User->>WebClient: "Hi, I'd like to return my snowboard."
WebClient->>AgentManager: conversation.item.create (role=user)
WebClient->>RealtimeAPI: {type: "conversation.item.create"}
WebClient->>RealtimeAPI: {type: "response.create"}
authentication->>AgentManager: Requests user info, calls authenticate_user_information()
AgentManager-->>WebClient: function_call => name="authenticate_user_information"
WebClient->>WebClient: handleFunctionCall => verifies details
Note over AgentManager: After user is authenticated
authentication->>AgentManager: transferAgents("returns")
AgentManager-->>WebClient: function_call => name="transferAgents" args={ destination: "returns" }
WebClient->>WebClient: setSelectedAgentName("returns")
Note over returns: The user wants to process a return
returns->>AgentManager: function_call => checkEligibilityAndPossiblyInitiateReturn
AgentManager-->>WebClient: function_call => name="checkEligibilityAndPossiblyInitiateReturn"
Note over WebClient: The WebClient calls /api/chat/completions with model="o4-mini"
WebClient->>o1mini: "Is this item eligible for return?"
o1mini->>WebClient: "Yes/No (plus notes)"
Note right of returns: Returns uses the result from "o4-mini"
returns->>AgentManager: "Return is approved" or "Return is denied"
AgentManager->>WebClient: conversation.item.create (assistant role)
WebClient->>User: Displays final verdict
- Check out the configs in
src/app/agentConfigs
. The example above is a minimal demo that illustrates the core concepts. - frontDeskAuthentication Guides the user through a step-by-step authentication flow, confirming each value character-by-character, authenticates the user with a tool call, and then transfers to another agent.
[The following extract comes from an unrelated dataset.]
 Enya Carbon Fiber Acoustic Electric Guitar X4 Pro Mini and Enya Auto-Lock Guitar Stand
Note that the second agent is intentionally "bored" to show how to prompt for personality and tone.
- customerServiceRetail Also guides through an authentication flow, reads a long offer from a canned script verbatim, and then walks through a complex return flow which requires looking up orders and policies, gathering user context, and checking with
o4-mini
to ensure the return is eligible. To test this flow, say that you'd like to return your snowboard and go through the necessary prompts!
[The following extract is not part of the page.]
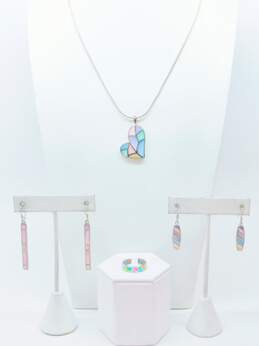 Romantic 925 Pastel Colorful Mother of Pearl Heart Pendant Necklace Shell Bar Drop Earrings & Enamel Mosaic Ring 27.2g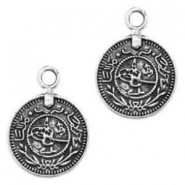 Metal charm Coin 19x14mm Antique silver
- You can copy these to make your own multi-agent voice app! Once you make a new agent set config, add it to
src/app/agentConfigs/index.ts
and you should be able to select it in the UI in the "Scenario" dropdown menu. - To see how to define tools and toolLogic, including a background LLM call, see src/app/agentConfigs/customerServiceRetail/returns.ts
- To see how to define a detailed personality and tone, and use a prompt state machine to collect user information step by step, see src/app/agentConfigs/frontDeskAuthentication/authentication.ts
- To see how to wire up Agents into a single Agent Set, see src/app/agentConfigs/frontDeskAuthentication/index.ts
- If you want help creating your own prompt using these conventions, we've included a metaprompt here, or you can use our Voice Agent Metaprompter GPT
Assistant messages are checked for safety and compliance using a guardrail function before being finalized in the transcript. This is implemented in src/app/hooks/useHandleServerEvent.ts
as the processGuardrail
function, which is invoked on each assistant message to run a moderation/classification check. You can review or customize this logic by editing the processGuardrail
function definition and its invocation inside useHandleServerEvent
.
- You can select agent scenarios in the Scenario dropdown, and automatically switch to a specific agent with the Agent dropdown.
- The conversation transcript is on the left, including tool calls, tool call responses, and agent changes. Click to expand non-message elements.
- The event log is on the right, showing both client and server events. Click to see the full payload.
- On the bottom, you can disconnect, toggle between automated voice-activity detection or PTT, turn off audio playback, and toggle logs.